Groundworks for the 600ha Ikamva Lethu farm in the Sundays River Valley are due to start in the coming weeks, a year later than originally envisioned, followed by irrigation infrastructure towards the end of the year and then, finally, in the beginning of 2020, planting of the initial 75,000 lemon trees.

The red tape and bureaucratic delays surrounding the creation of black economic empowerment projects in South Africa are remarkable, given the polemics around land restitution, and it certainly tests the commitment of commercial partners in such ventures.

“We’d been waiting on another government initiative for a couple of years to get empowerment projects going in our valley and eventually the SRCC board decided that we will do the right thing,” says Hannes de Waal, MD of the SRCC. “We put the proposal to our producers, seventeen of whom voluntarily decided to become part of the initiative. The fact that they’re all from the SRCC group makes things easier, they understand our methodology and we all subscribe to the same principles of empowerment. It’s working very well.”

Eldon Whittle (SRCC: Primary Production) with Nokwanele Mzamo, general manager of Luthando Farm and previous recipient of the national Female Farmer of the Year award

Water rights dependent on black shareholding
The seventeen citrus producers bought into the Ikamva Lethu (“our future” in isiXhosa) project according to Prof Mohammed Karaan’s recommendations in the National Development Plan: each producer obtains the equivalent of 20% of their own farm, therefore representing varying shareholding levels. For the next five years they will provide the capital and carry the risk of all of the establishment costs of the farm, which will hopefully be in full production by 2028. Thereafter operational costs will be secured in the conventional manner from financial institutions.

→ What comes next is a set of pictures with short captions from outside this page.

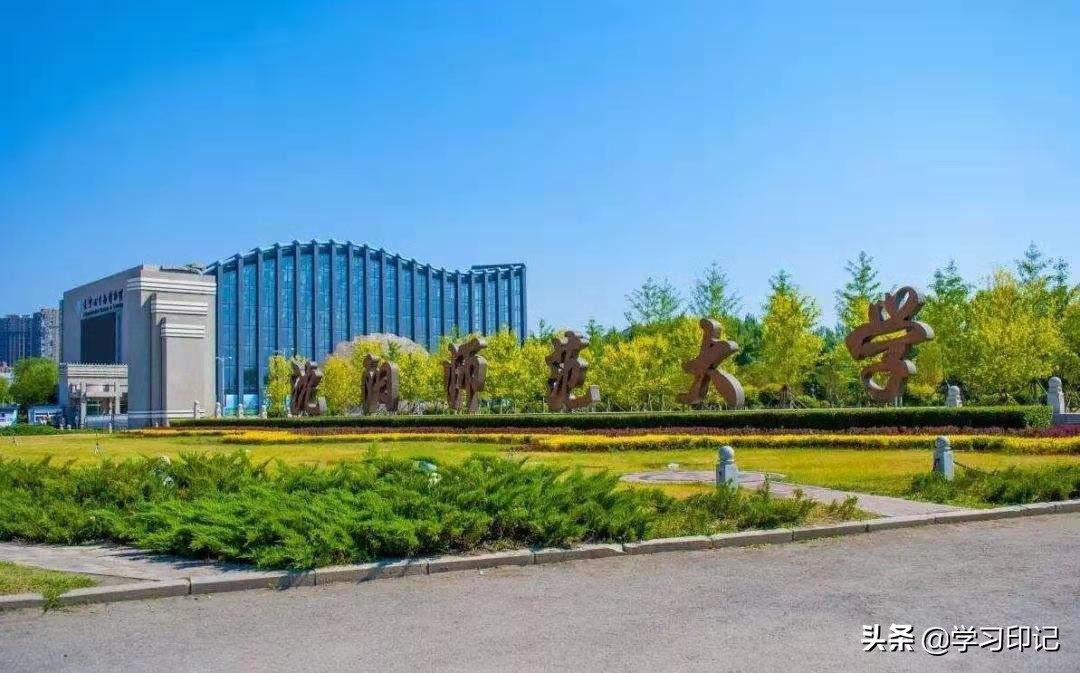 我国25所“优质”师范大学，性价比很高，适合普通本科生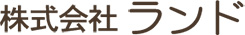 株式会社ランド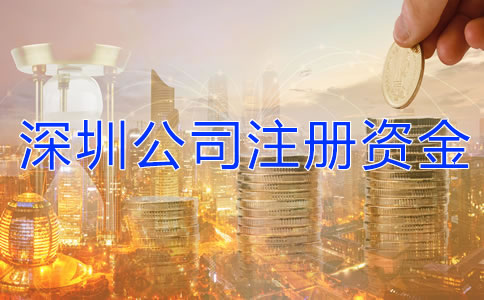 深圳公司注冊資金有什么要求嗎？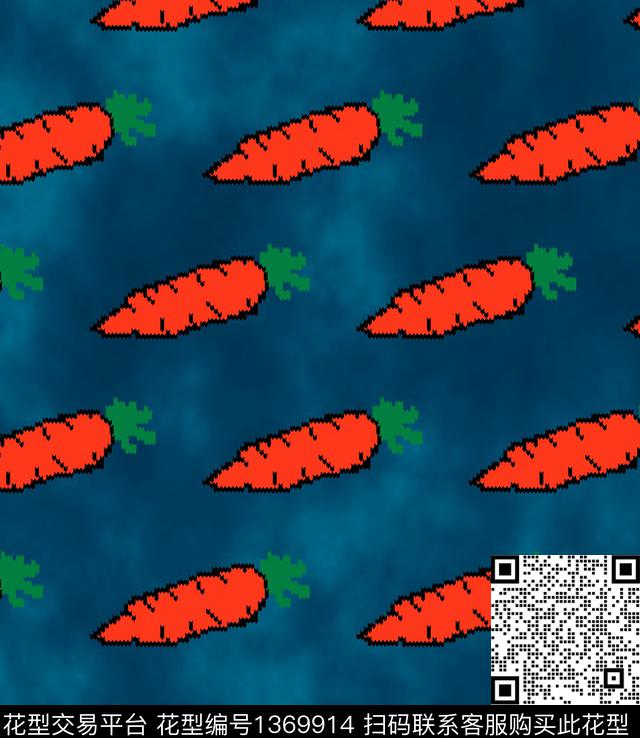 卡通胡罗卜传统印花华亿平台下载（图片编号: 1369914） - 瓦栏（Walan）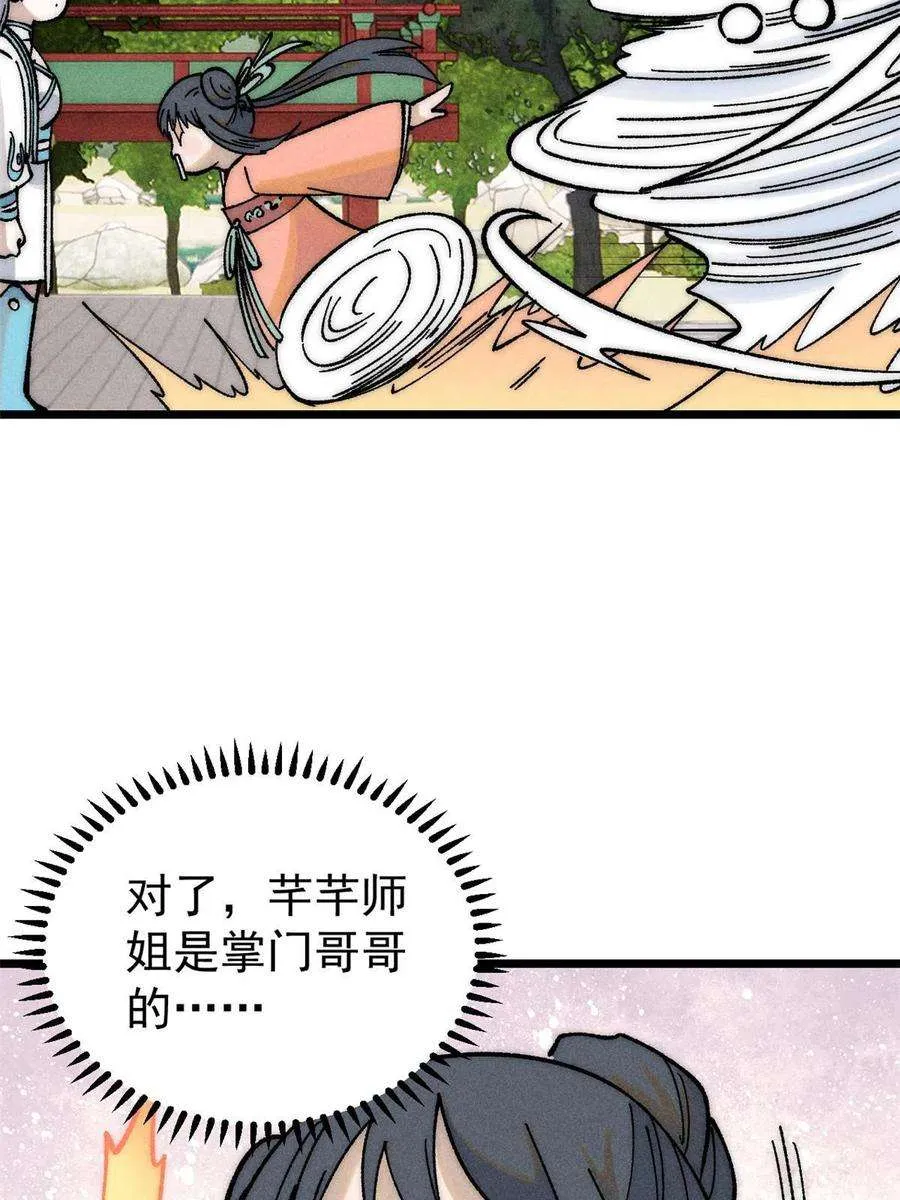 204 你比唐僧都要话多 第41页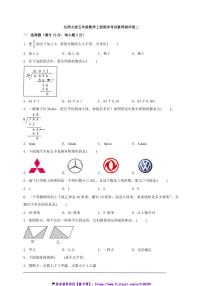 北师大版五年级数学上册期末考试素养测评卷二试卷(含答案)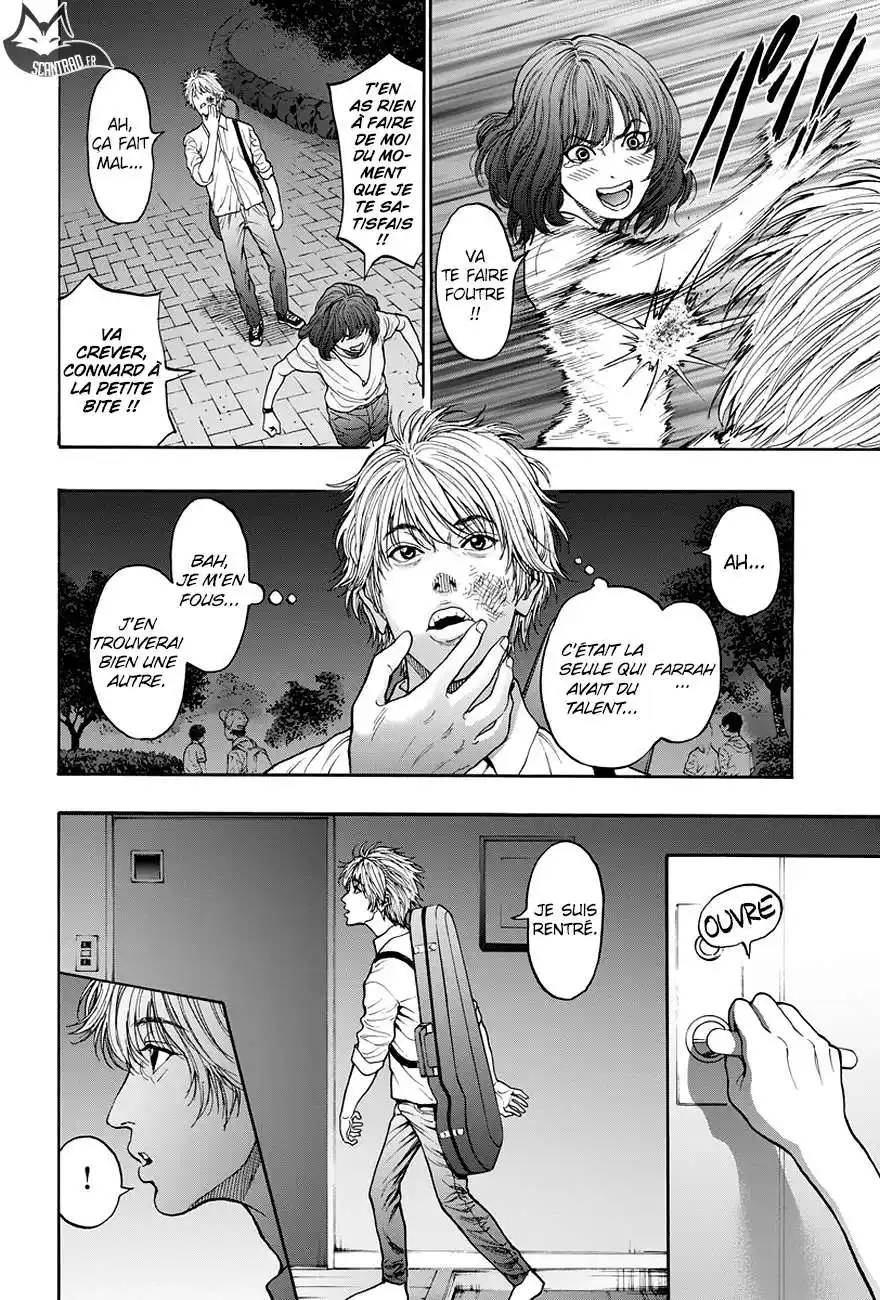 Jagaaaaaan 23 page 16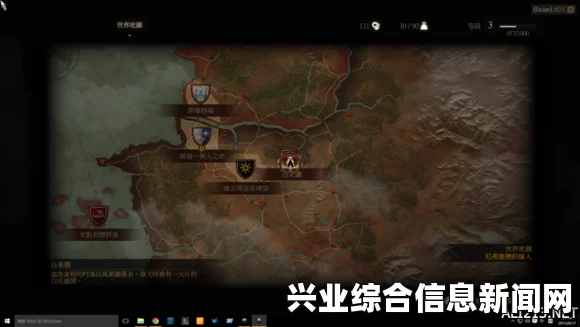 巫师3狂猎刷羊刷牛地点分享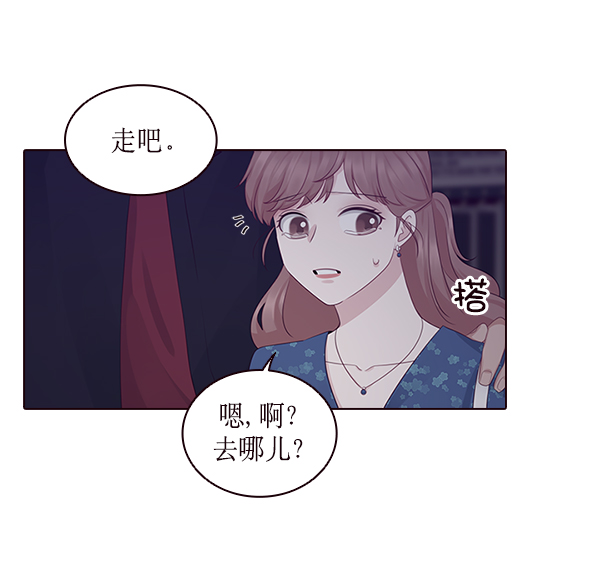 第10话30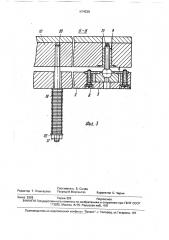 Ведущий узел лентопротяжного механизма (патент 1674239)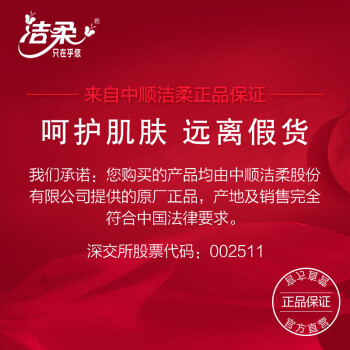洁柔抽纸 艺术油画Face加厚4层90抽*4包 大规格M码面巾纸 一抽抵两抽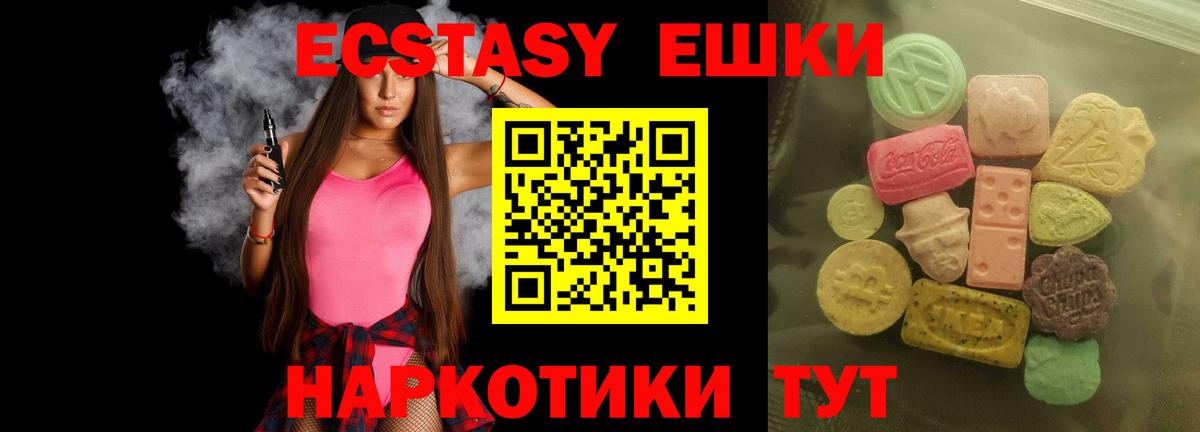 Экстази 250 мг  Вход с VPN  Экстази 280 MDMA  ЭКСТАЗИ  Можга 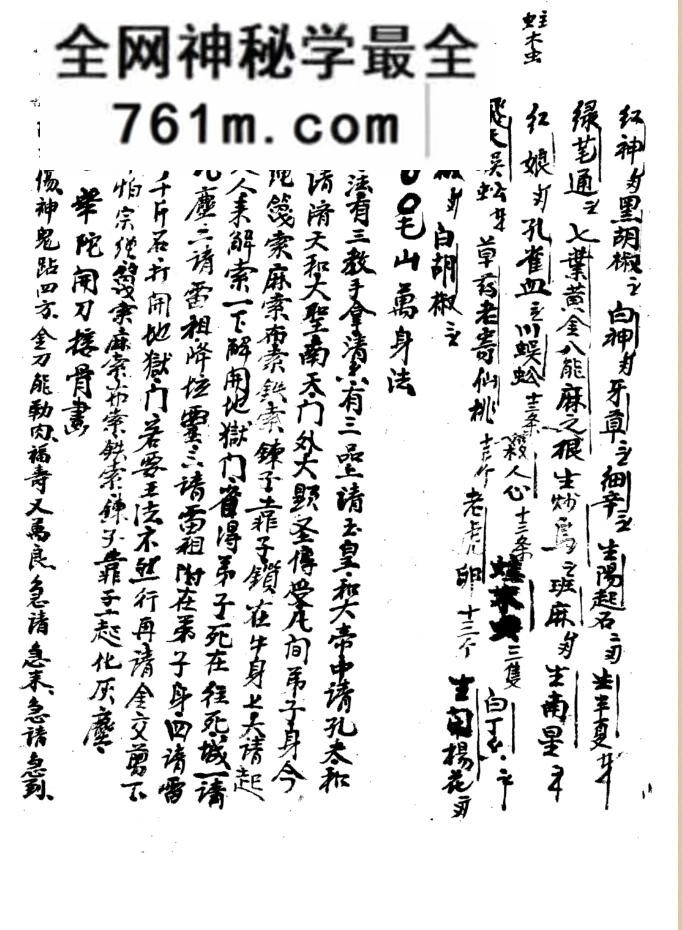 《华佗先师接骨书》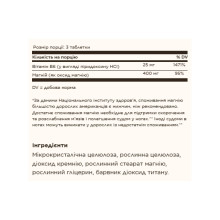 Magnesium with Vitamin B6 - 100 tabs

While the producers bring capital, expertise and experience to the project, black shareholders bring with them something equally crucial: water rights.

The project’s founders consider themselves very privileged to have obtained 20-year water licenses for the entire 600ha area of the farm, notes Frikkie Olivier, operations manager: SRCC Primary Production, which manages the Ikamva Lethu farm. The granting of water rights by the Department of Water Affairs and Sanitation came with certain conditions, notably that black shareholding in the project may never fall under 59%.

Indeed, it would be exceedingly difficult for any new agricultural development in South Africa these days to be granted water licenses without a black shareholding component; an effective way of enforcing black economic empowerment.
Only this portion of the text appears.